Les traversées des rencontres. Entre autodéfense poétique et critique : un moment quotidien pour croiser nos mondes, partager nos questionnements et faire l’expérience de quelques manières de penser-agir autrement (avec) ce qui nous arrive.

*

 

“Il y a toujours une inadaptation à l’ordre métropolitain et à l’intégration dans l’espace de l’économie. Il est alors possible d’explorer d’autres médiations qui reconstituent la vie de la communauté, des processus constitutifs d’une autonomie collective impropre aux comptes de la valorisation. Où ce qui compte n’est pas la mesure mais la rencontre. Et de nouvelles déterminations.

Josep Rafanell i Orra, Fragmenter le monde, éditions Divergences, 2018

*

“Quand vous éveille un constat, une certitude, un espoir, ils s’efforcent déjà, quelque part, ailleurs sous une autre espèce.”

Edouard Glissant, Poétique de la relation, éditions Gallimard, 1990

Aux abords de la création

 

Du 24 au 26 janvier à l’Espace Paul Jargot

Aux abords de la création Un pied devant l’autre…

En lisière de la création chorégraphique Un pied devant l’autre par la compagnie Scalène à l’Espace Paul Jargot (Crolles, Isère), venez découvrir du 24 au 26 janvier, l’exposition réalisée par la compagnie Scalène, les poèmes partagés pendant les semaines de résidence et vous ressourcer le temps d’une marche intérieure dans les pages des livres de la bibliothèque installée pour l’occasion dans l’espace convivial du théâtre.

Installation : Amandine Dupraz (PAPRICA)

Images photographiques : Danaé Hogrel et Xtoo Prod’

 *

& le samedi 26 janvier de 15H à 17H30

Atelier de lecture : « La marche comme expérience »

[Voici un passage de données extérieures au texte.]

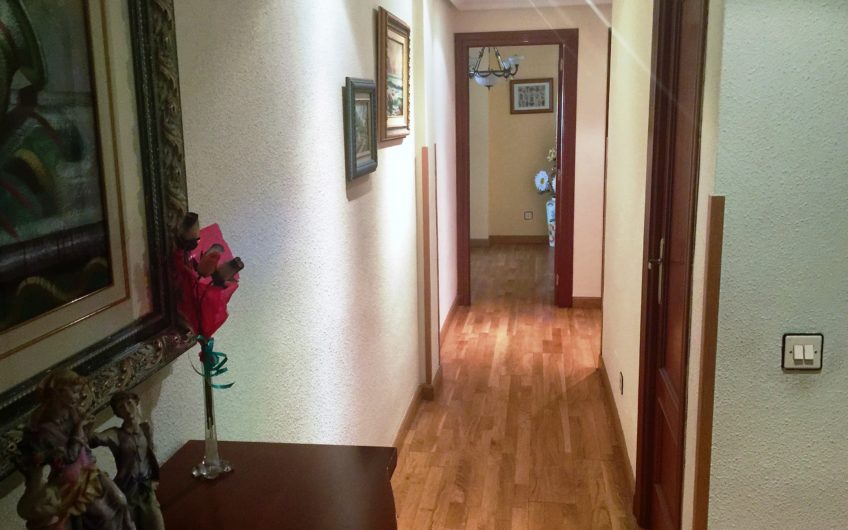 Apartamento amueblado con ascensor y garaje en calle Velasquita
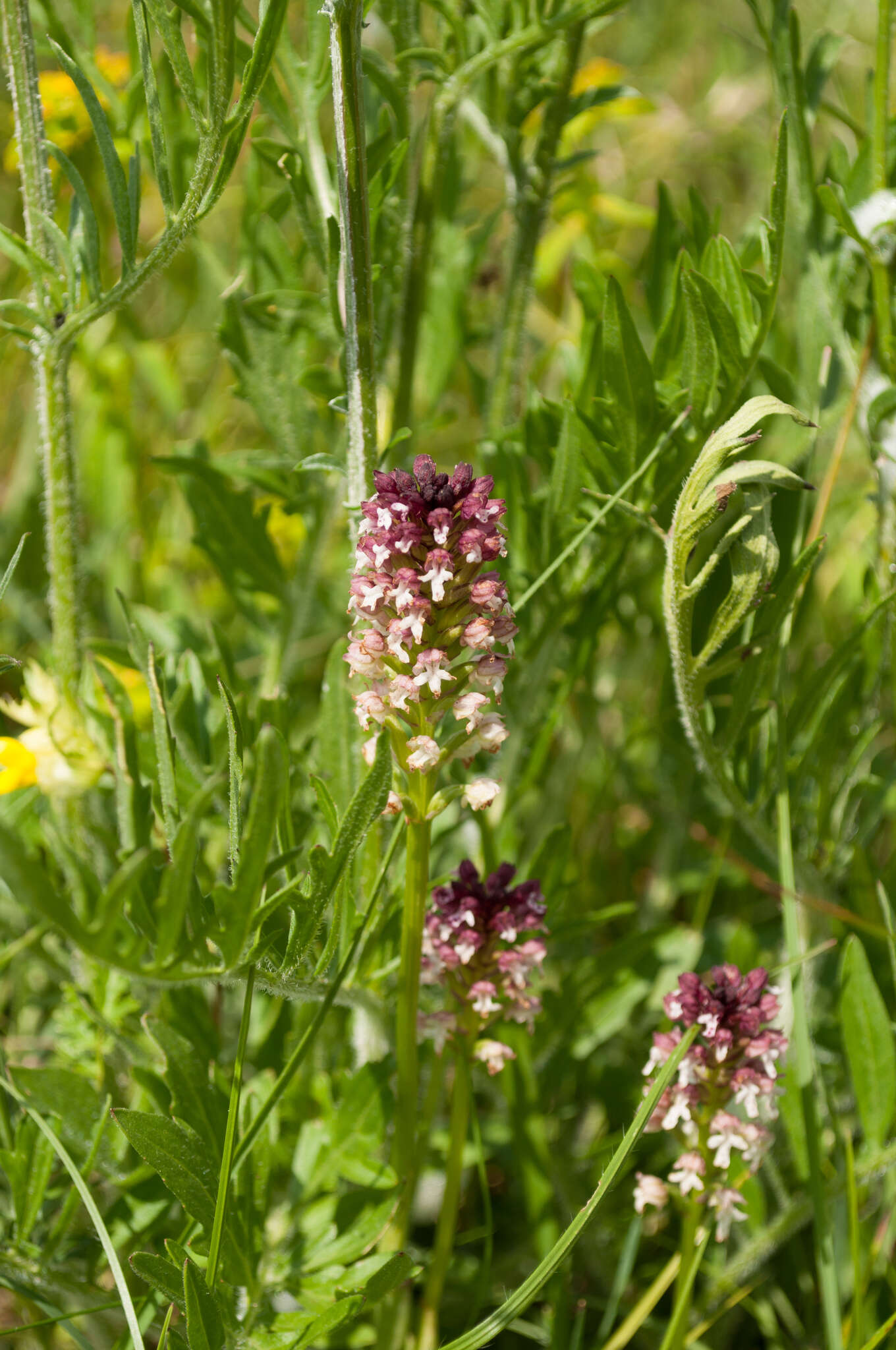 Image of Neotinea ustulata var. ustulata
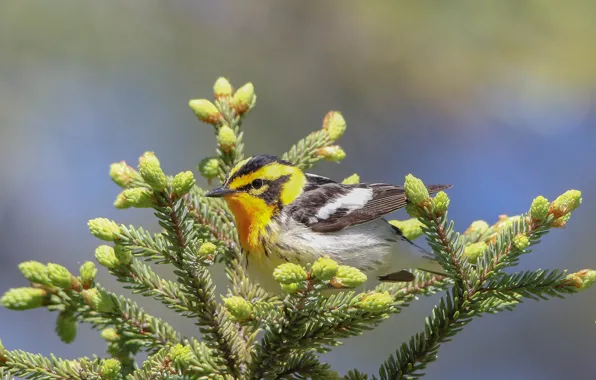 Nature, Bird, Fir-tree branches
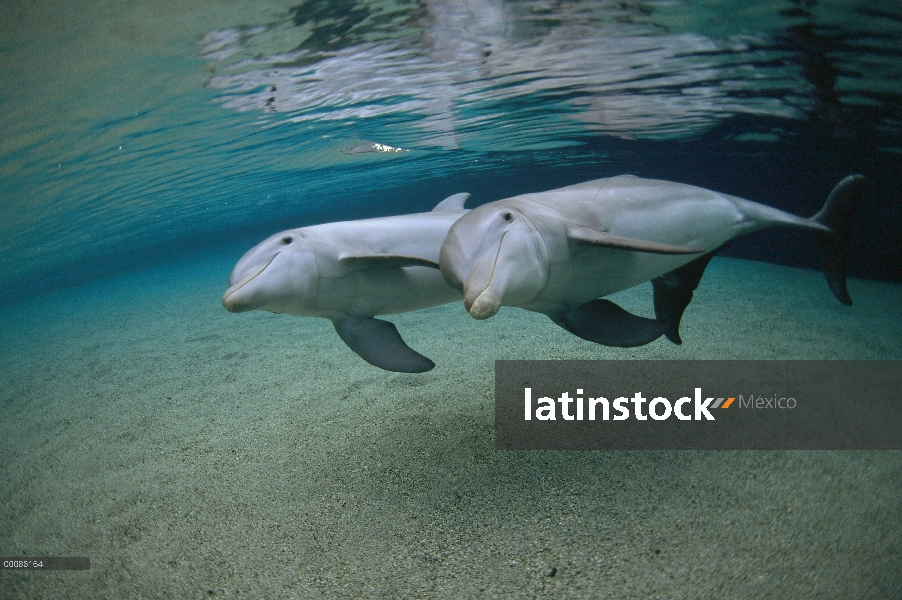 Par submarino tonina Delfín (Tursiops truncatus), Hawaii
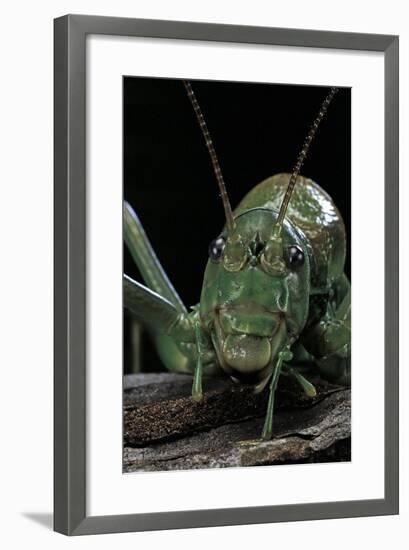 Ephippiger Diurnus (Bushcricket)-Paul Starosta-Framed Photographic Print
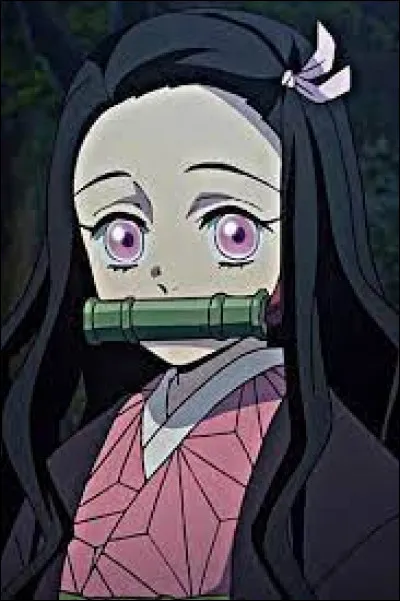 Comment s'appelle ce personnage ?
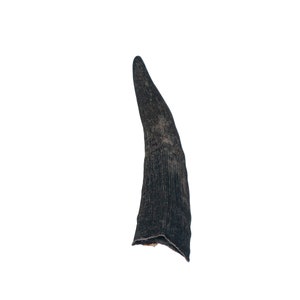 Real Black Goat Horn: Extra Small (318-1BKXS-AS) Y1X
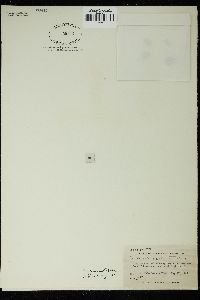 Dictyosphaeria ocellata image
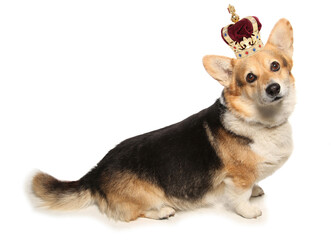 Wall Mural - Corgi dog wearing a crown isolated on a white background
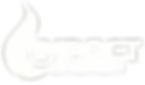 ic logo white.png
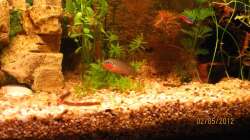 Besatz im Aquarium Eck-Aquarium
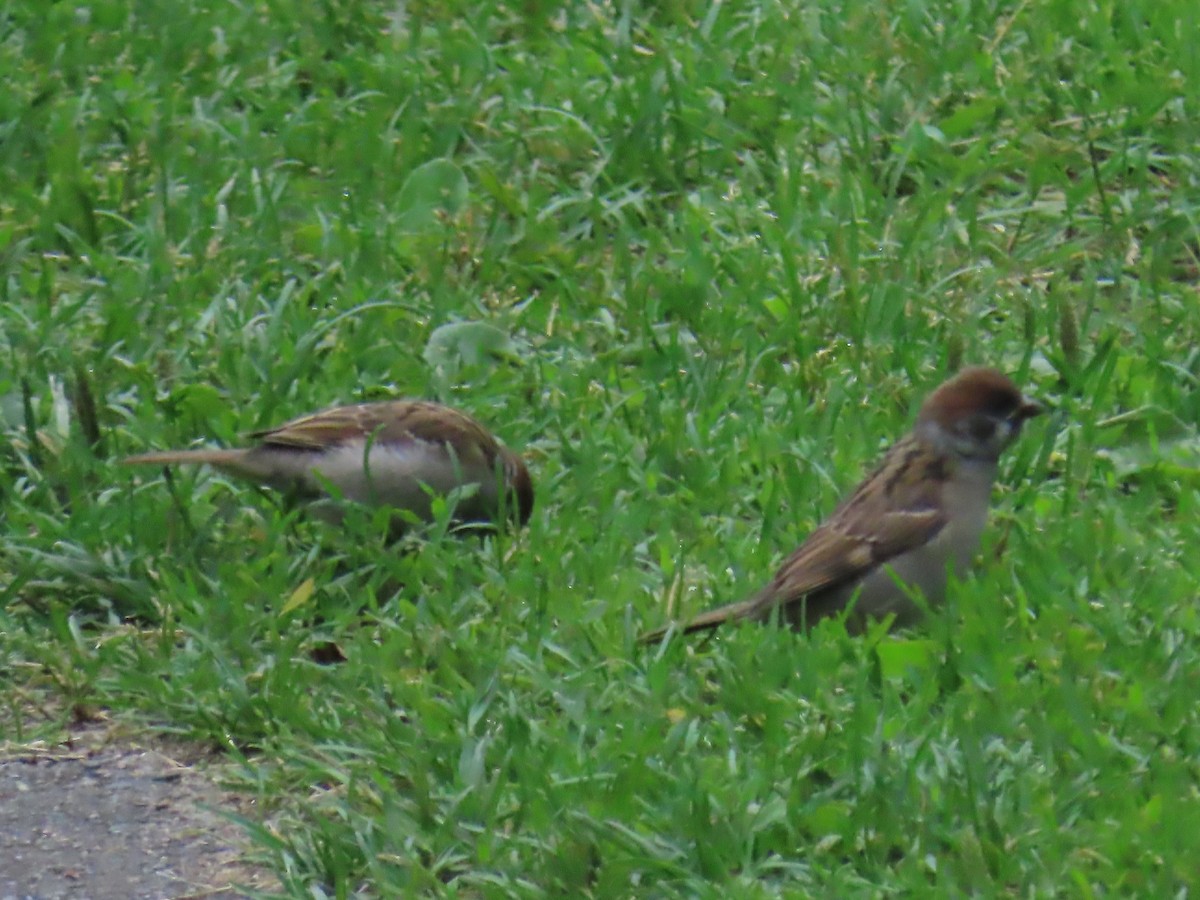 Eurasian Tree Sparrow - ML620850752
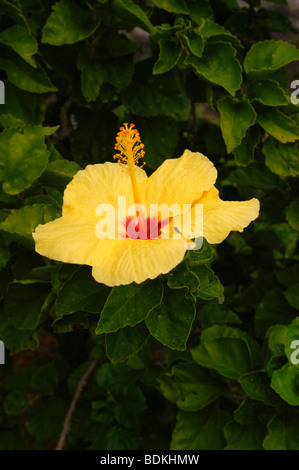 Die Zustandblume von Hawaii, gelbe Hibiskus, Hibiscus Brackenridgei, PUA aloalo Stockfoto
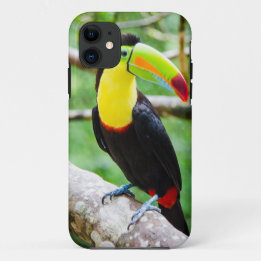 title_seo2 Toucan precioso
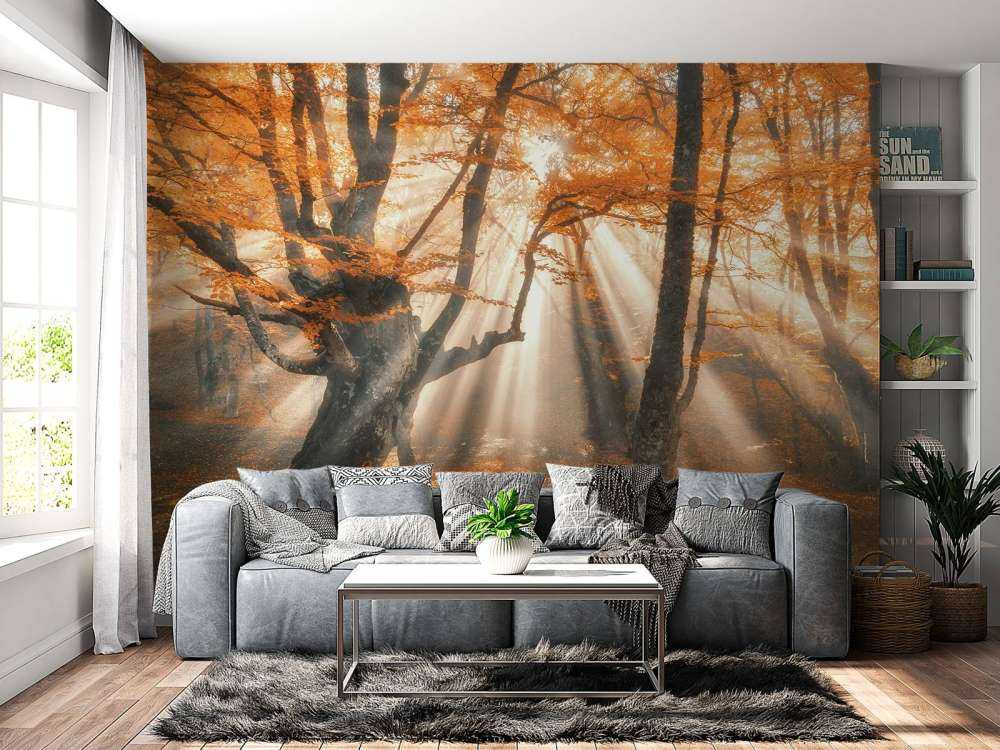 Magischer Herbstwald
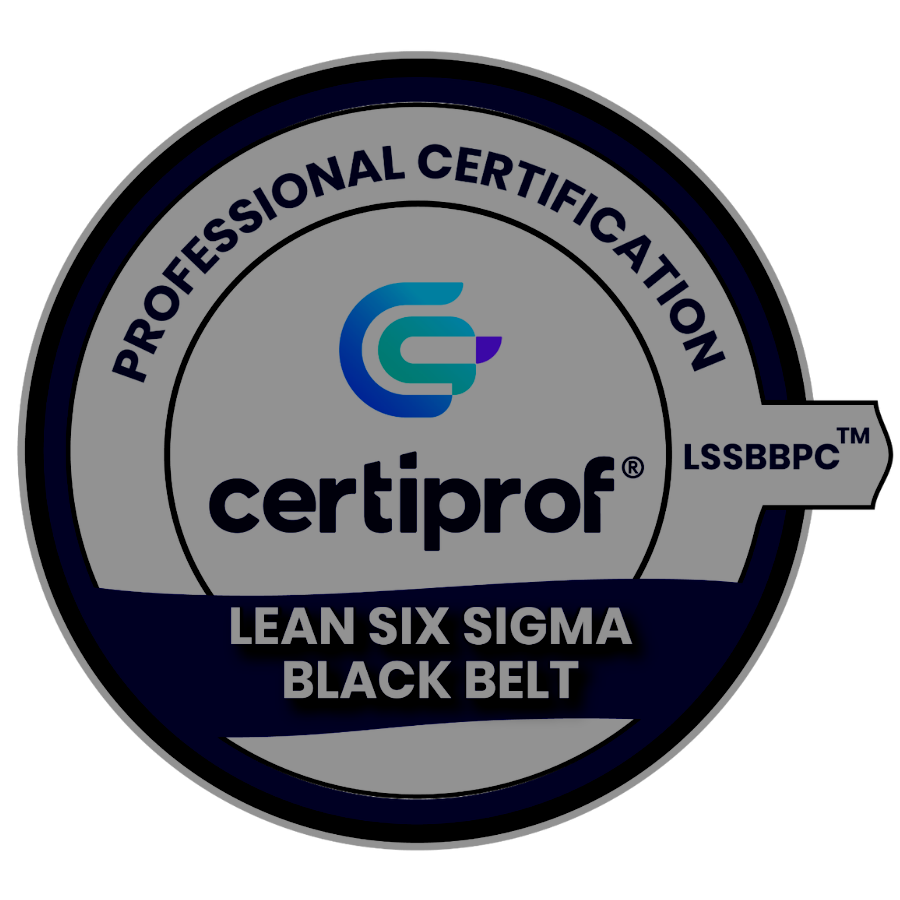Lean Six Sigma Black Belt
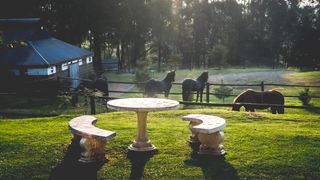 The Knoll Guest Farm | Accommodation Hilton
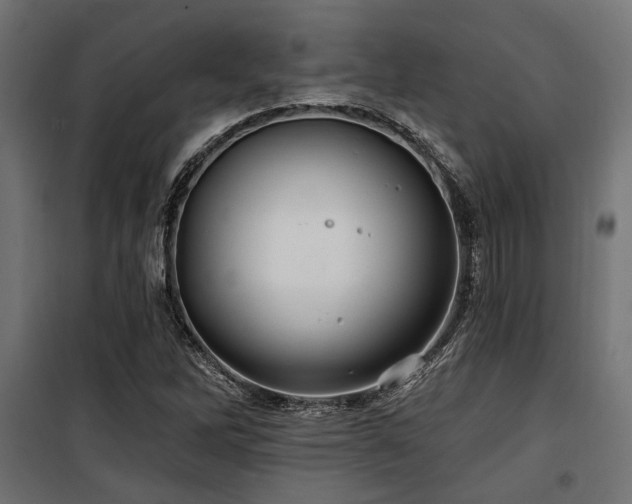 X0000100751262200806191135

En écho à la création Un pied devant l’autre et au motif de la marche et des chemins, un rendez-vous pour se retrouver autour de textes tirés de la bibliothèque, s’offrir un moment de lecture au calme et en partager les résonances avec les autres participant·e·s de l’atelier. 

Ouvert à tou·te·s.  Accueil à partir de 14H30. Début de l’atelier à 15H. Goûter à 17H. Réservation souhaitée mais non obligatoire : atelierdelecture@posteo.net

*

« La marche apprend à trouver le rythme qui convient à chacun, sa respiration personnelle. »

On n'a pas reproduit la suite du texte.